Summary:
ordered_tags = tagged_items.annotate(freq=Count('tag_id')).order_by('-freq')
for i in ordered_tags:
print(i.tag_id, i.tag, i.freq)
This does not work equivalently to GROUP BY tag_id ORDER BY COUNT(tag_id) DESC
. Why?
Using Django ORM, I am trying to do something like:
SELECT tag_id, COUNT(tag_id) AS freq
FROM taggit_taggeditem
WHERE content_type_id IN (
SELECT id FROM django_content_type
WHERE app_label = 'reviews'
AND model IN ('problem', 'review', 'comment')
) AND (
object_id = 1
OR object_id IN (
SELECT id FROM review
WHERE problem_id = 1
) OR object_id IN (
SELECT c.id FROM comment AS c
INNER JOIN review AS r
ON r.id = c.review_id
)
)
GROUP BY tag_id
ORDER BY freq DESC;
So here's what I have contrived:
querydict_for_content_type_id = {
'current_app_label_query' : Q(app_label=ReviewsConfig.name),
'model_name_query' : Q(model__in=['problem', 'review', 'comment'])
}
# used in content_type_query
query_for_content_type_id = reduce(operator.__and__, querydict_for_content_type_id.values())
# Query relevant content_type from TaggedItem model.
content_type_query = Q(content_type_id__in=ContentType.objects.filter(query_for_content_type_id))
# Query relevant object_id from TaggedItem model.
object_query = Q(object_id=pk) | Q(object_id__in=problem.review_set.all())
for review in problem.review_set.all():
object_query |= Q(object_id__in=review.comment_set.all())
tagged_items = TaggedItem.objects.filter(content_type_query&object_query)
# JOIN Tag
# tags = tagged_items.select_related('tag')
# GROUP BY freq ORDER_BY freq DESC;
ordered_tags = tagged_items.annotate(freq=Count('tag_id'))#.order_by('-freq')
for i in ordered_tags:
print(i.tag_id, i.tag, i.freq)
Django ORM doesn't work as intended.

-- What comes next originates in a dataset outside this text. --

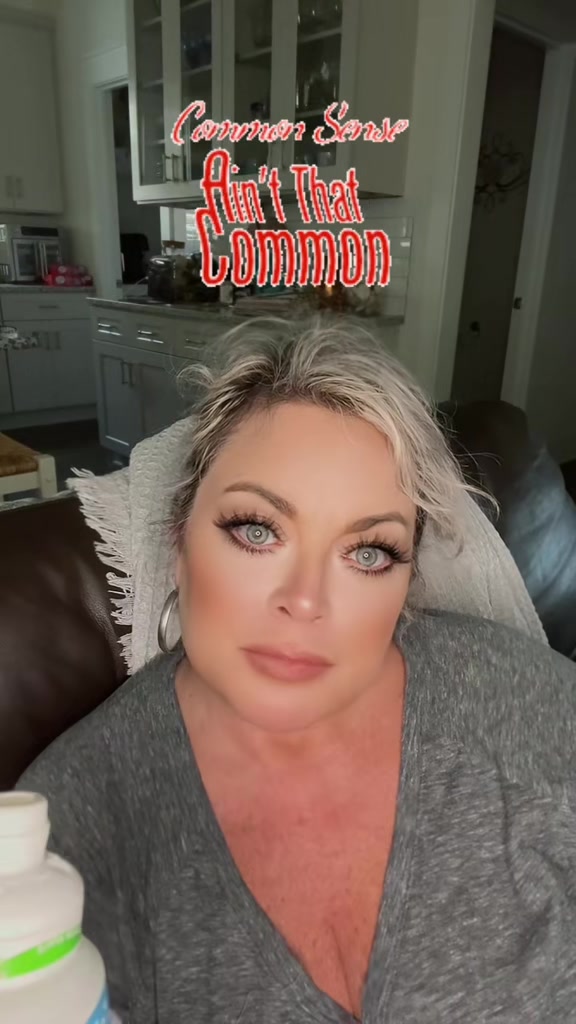 @Pepper_Lynne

Calling distinct
method on ordered_tags doen't work either.
Output:
18 tag1 1
19 tag2 1
20 tag3 1
...
18 tag1 1
Why am I getting 18 tag1 1
twice instead of 18 tag1 2
?
.annotate()
is not at all equivalent to GROUP BY
.
Generally using Django's ORM to translate SQL queries isn't a good idea. It is meant to help you solve a problem by translating your idea's into queries.
It would not make any sens to get TaggedItem instances as results of an SQL queries containing a GROUP BY
statement since those would not represent a row of the TaggedItem table.
To get a GROUP BY
statement, you need to get ride of the model layer by forcing the results to be dict.
qs = TaggedItem.objects.all()
qs = qs.values("tag_id") # Any field of the TaggedItem table you want as entries in the result dict
qs = qs.annotate(freq=Count("tag_id")) # This, combined with the above line, will produce a group by tag_id
qs = qs.order_by("-freq")